(Data to examine)

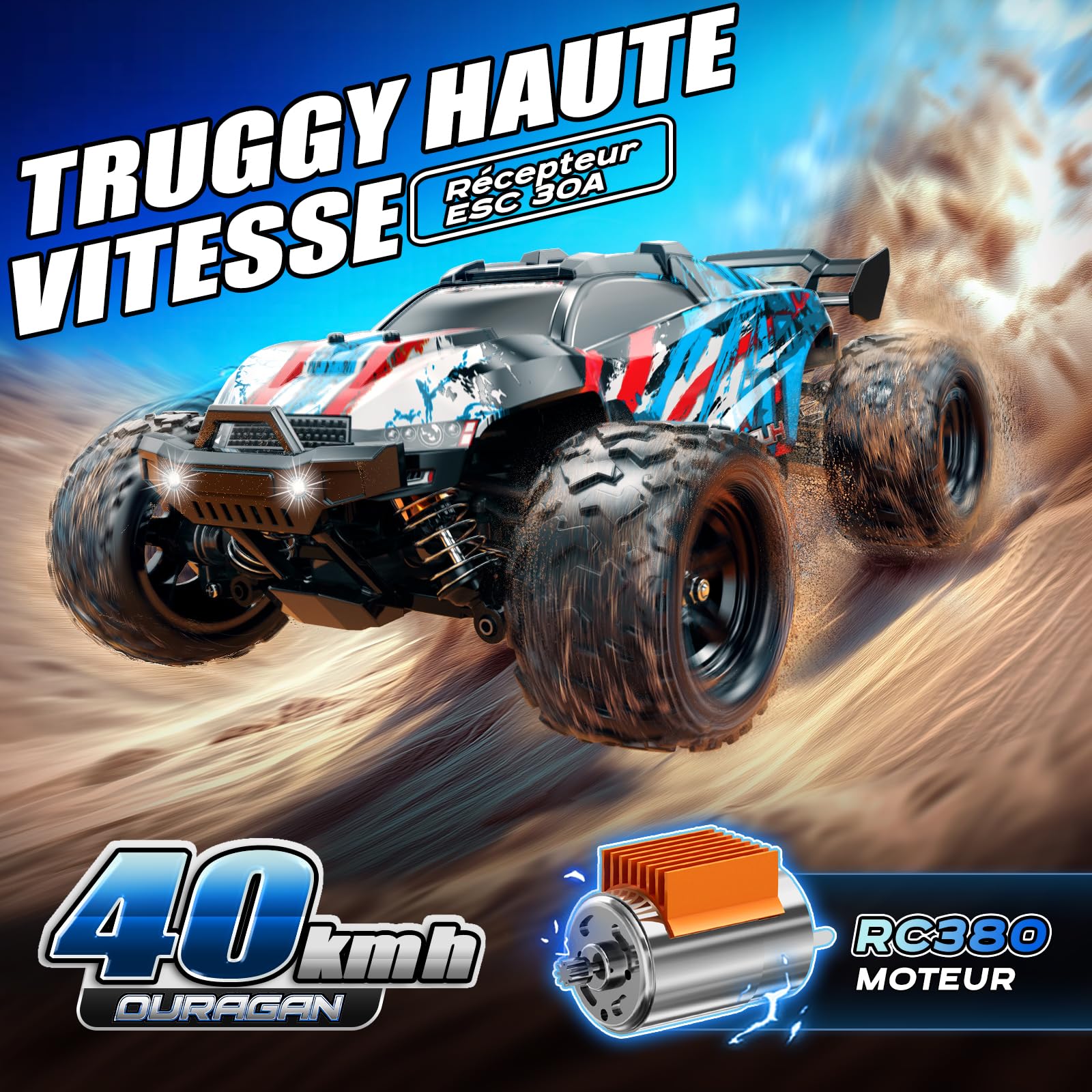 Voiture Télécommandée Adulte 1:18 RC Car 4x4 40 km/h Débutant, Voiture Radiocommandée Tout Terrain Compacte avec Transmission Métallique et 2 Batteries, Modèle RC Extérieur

(End Data to examine)
(Data to examine)

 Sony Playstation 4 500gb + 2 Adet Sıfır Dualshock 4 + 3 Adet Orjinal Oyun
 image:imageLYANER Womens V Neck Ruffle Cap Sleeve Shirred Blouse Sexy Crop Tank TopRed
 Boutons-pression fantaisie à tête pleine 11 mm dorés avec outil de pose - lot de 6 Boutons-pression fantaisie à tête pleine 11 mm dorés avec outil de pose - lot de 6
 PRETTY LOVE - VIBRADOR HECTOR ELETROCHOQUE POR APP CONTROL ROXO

(End Data to examine)
(Data to examine)

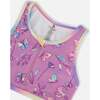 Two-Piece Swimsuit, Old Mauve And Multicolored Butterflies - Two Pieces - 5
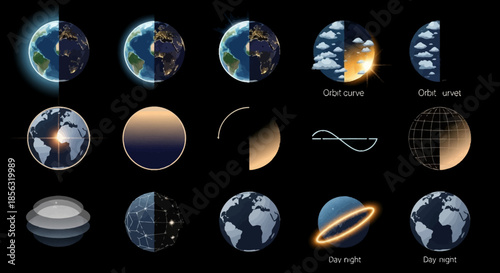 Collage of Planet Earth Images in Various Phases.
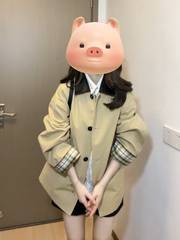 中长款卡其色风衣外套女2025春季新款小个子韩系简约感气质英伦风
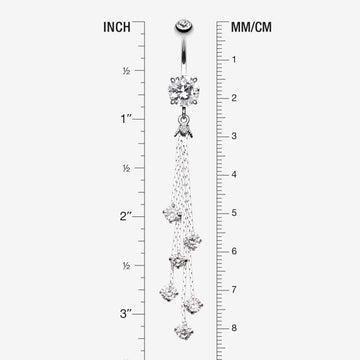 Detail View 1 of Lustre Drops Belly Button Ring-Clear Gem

(End Data to examine)

Goal of the exercise »
Return word for word the lines above from the line with "de 6 Boutons-pression" to the line with "PRETTY LOVE - VIBRADOR", including both and leaving out all others.

Answer below »
 Boutons-pression fantaisie à tête pleine 11 mm dorés avec outil de pose - lot de 6 Boutons-pression fantaisie à tête pleine 11 mm dorés avec outil de pose - lot de 6
 PRETTY LOVE - VIBRADOR HECTOR ELETROCHOQUE POR APP CONTROL ROXO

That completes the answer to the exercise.